Ore 10. Per la prima volta, nella legislatura, l’opposizione si è presentata compatta. Stetti stretti intorno allo stesso tavolo, Forza Italia, Udc, Psd’Az, Fdi e Riformatori hanno detto: «I tagli della Giunta alle poste di bilancio (i soldi a disposizione) degli assessorati non li abbiamo proprio capiti». Quali sono stati criteri, come sarà suddiviso quello che è rimasto? Al tiro al bersaglio hanno partecipato Pietro Pittalis, Ugo Cappellacci, Alessandra Zedda, Antonello Peru, Marco Tedde, Gigi Rubiu, Attilio Dedoni, Christian Solinas e Paolo Truzzu. Sono solo state scudisciate per Pigliaru e Raffaele Paci, l’assessore al Bilancio, che «hanno deciso di testa loro senza passare in Commissione per non essere contestati». Poi dopo un altro bel po’ di accuse sulle «troppe rinunce del centrosinistra» (Galsi, ricorso sulle accise, Vertenza entrate e Zona franca») e aver criticato le ultime missioni romane della Giunta («Non può trattare con la Ragioneria dello Stato e non confrontarsi neanche con un ministro»), l’opposizione ha affondato il colpo nell’ultimo minuto a disposizione: «Paci ha detto che in un anno la capacità di spesa della Regione è ridotta di 900 milioni. Non è vero sono solo 100: 2,5 miliardi nel 2013 contro i 2,4 miliardi del 2014. Per salvarsi, ha sbagliato i conti ed è stato grossolano», ha detto l’ex assessore al bilancio Zedda, con gli altri al seguito: «Il centrosinistra ha già tradito gli elettori».

Ore 11. In quel momento è stato il capogruppo del Pd, Pietro Cocco, ad accendere le polveri con un comunicato di fuoco contro la minoranza: «Prima per cinque anni hanno mal governato la Sardegna, ora disertano le Commissioni: è da irresponsabili». A stretto giro di posta arriverà la replica: «Non c’è stata nessuna diserzione, abbiamo solo protestato per il ritardo nei lavori». Per la verità, erano in conferenza stampa, quella sul Patto, senza la buona educazione di far sapere alla maggioranza: «Abbiamo un impegno».

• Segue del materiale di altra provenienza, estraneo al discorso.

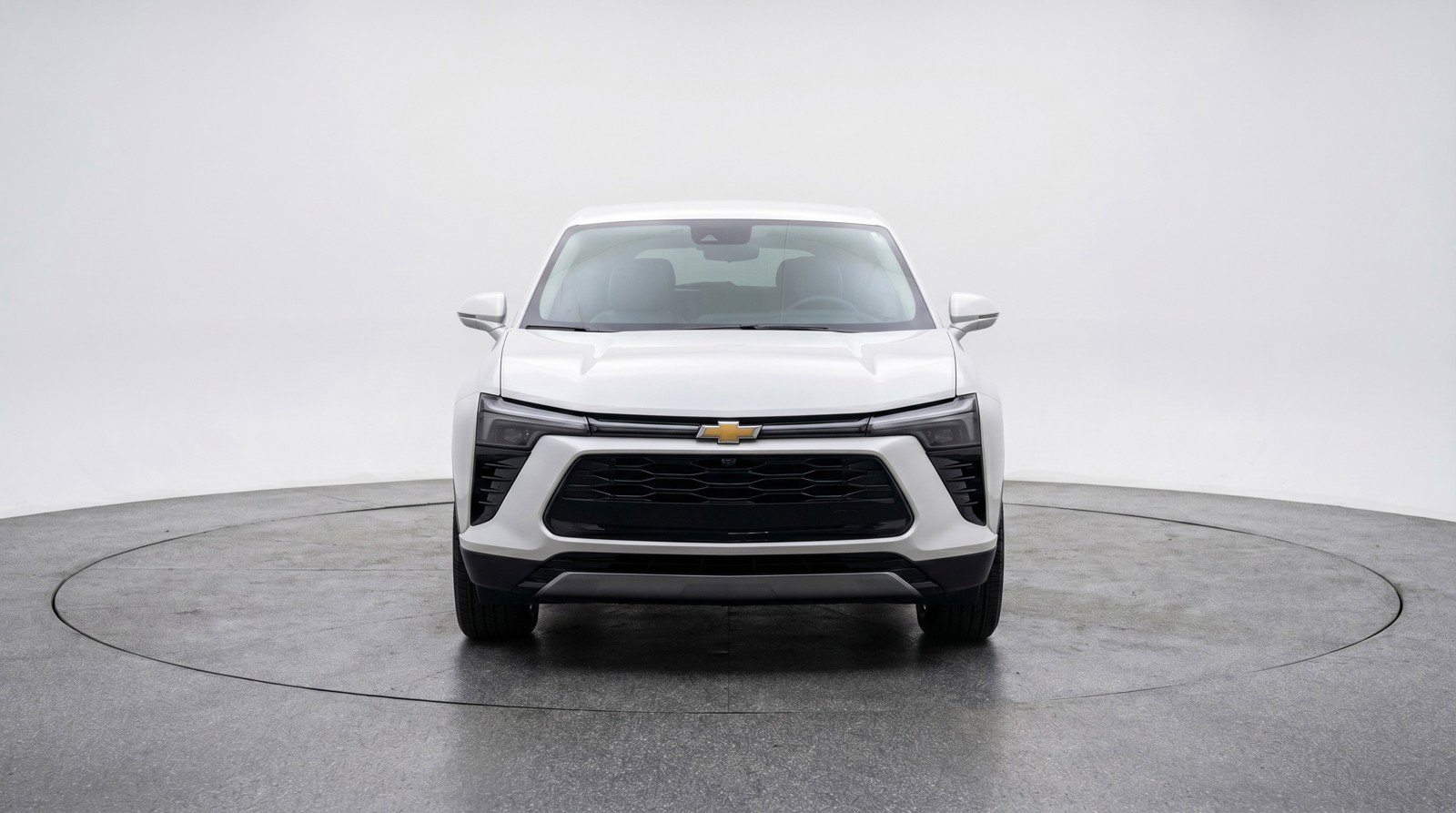 Used 2025 Chevrolet Blazer LT image 2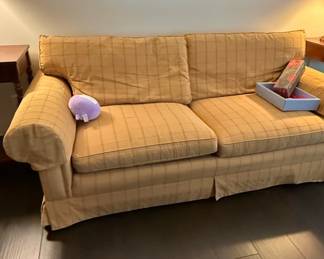 Traditional Plaid Skirted Sofa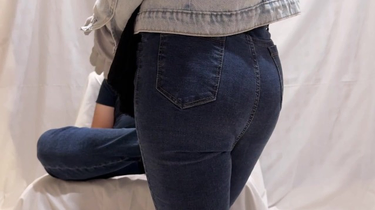 Khalesexii: A Muslim stunner with nylon socks takes on 2 shafts at once - verified first-timer act!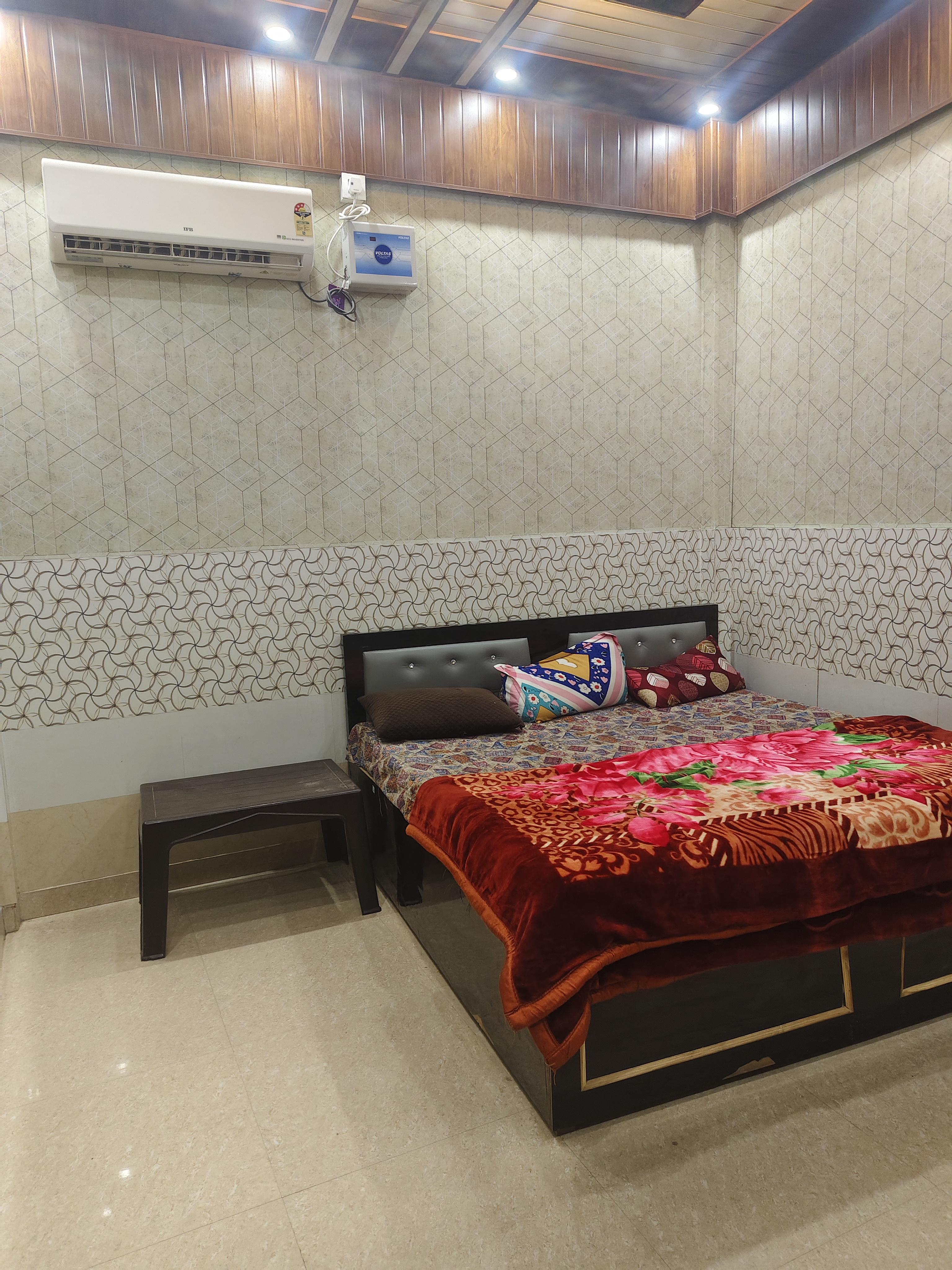Guest House Raj Raghunandan - Tap to explore photos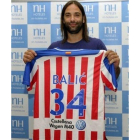 Balic posa con la camiseta de su nuevo equipo, el Atlético de Madrid.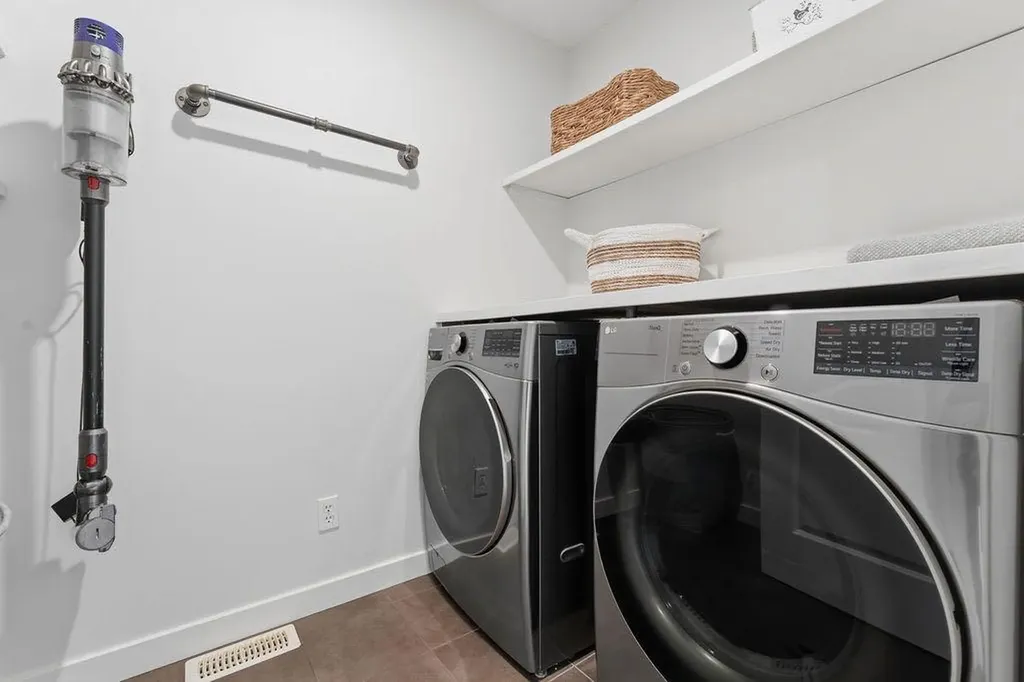 708 Coopers Square SW Airdrie AB T4B 0M1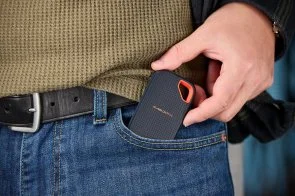 Фото: Зовнішній SSD-накопичувач SanDisk Extreme Portable V3 1TB Blue (SDSSDE70-1T00-G25) № 6 | KTC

Ore 12. Dopo aver detto in Commissione qual è lo stato dei fondi europei, quelli spesi e quelli da programmare, e aver sollecitato il Consiglio ad approvare una legge che «controlli gli effetti reali dei finanziamenti sul territorio, è stato il governatore Francesco Pigliaru a scendere nell’arena. Per prima cosa, ha detto: «I nostri numeri sono quelli giusti, gli altri truccati». Perché nel 2013 – è stata la spiegazione – erano fuori dal limite di spesa imposto alla sardegna i 490 milioni del Fondo unico per gli Enti locali e i 370 milioni una tantum del Governo per pagare i debiti della Pubblica amministrazione alle imprese. «Ebbene – ha proseguito – ora il Fondo è rientrato nel conteggio del Patto e dovevamo farlo altrimenti avremmo violato ancora una legge nazionale. L’anno scorso Cappellacci si è fatto forte di una legge regionale che escludeva dai vincoli i trasferimenti ai Comuni, ma più di un parere legale ha confermato che è stato un errore». Poi non c’è più neanche l’una tantum, per cui 490 milioni (Fondo) più gli altri 370 (dal Governo) fanno quasi 900 milioni in meno nella capacità di spesa, ha concluso Pigliaru.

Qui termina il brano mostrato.